Tuesday, September 27, 2011

An End and a Beginning

There's a lot I can say about this summer, but if there is one thing that sums it up more than anything else, it was that this summer was absolutely AMAZING. I loved the people I met this summer, whether it was the people I worked with or the crews that I guided. You all made my summer great.

Unfortunately, it was so great I did not get enough time to finish all the blogs I wanted: my last couple of trips, another on the new Sandy Bridges Program center, one on Leave No Trace. Hopefully I'll get around to writing them eventually, but for the moment I have a new adventure: studying abroad in Germany.

Thank you everyone for the fantastic summer.

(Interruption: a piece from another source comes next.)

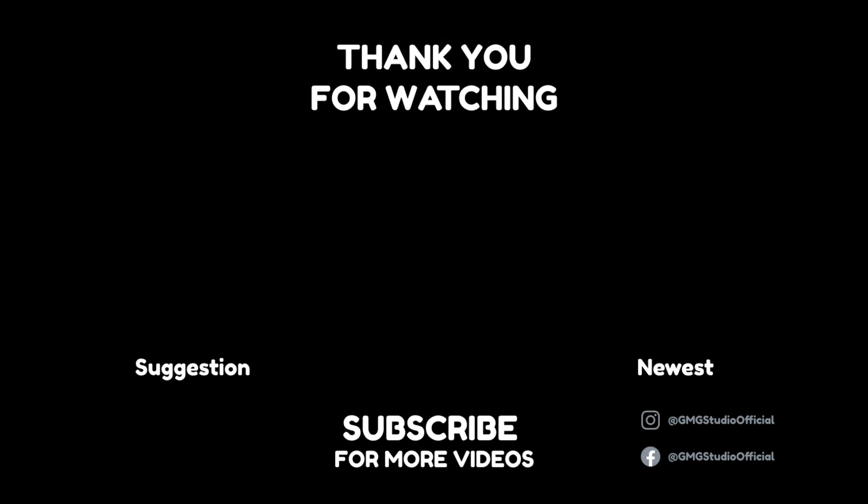I hope you learned something new today. Subscribe to watch more tutorials, and I'm sure I'll see you in the next one.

To end, I have this poem from Sam Cook:


“Up North is a certain way the wind feels on your face and the way an old wool shirt feels on your back. It’s the peace that comes over you when you sit down to read one of your old trip journals, or the anticipation that bubbles inside when you start sorting through your tackle box in the early spring.

Up north is the smell of the Duluth pack hanging in your basement and the sound of pots clinking across the lake. It’s a raindrop clinging to a pine needle and the dancing light of a campfire on the faces of friends.

Up north is a lone set of cross-country ski tracks across a wilderness lake and wood smoke rising from a cabin chimney. It’s bunchberries in June, blueberries in July and wild rice in September.

Each of us has an up north. It’s a time and place far from the here and now. It’s a map on the wall, a dream in the making, a tugging at one’s soul. For those who feel the tug, who make the dream happen, who put the map in the packsack and go, the world is never quite the same again.

We have been Up North. And part of us always will be.”
-Sam Cook as quoted from his book "Up North."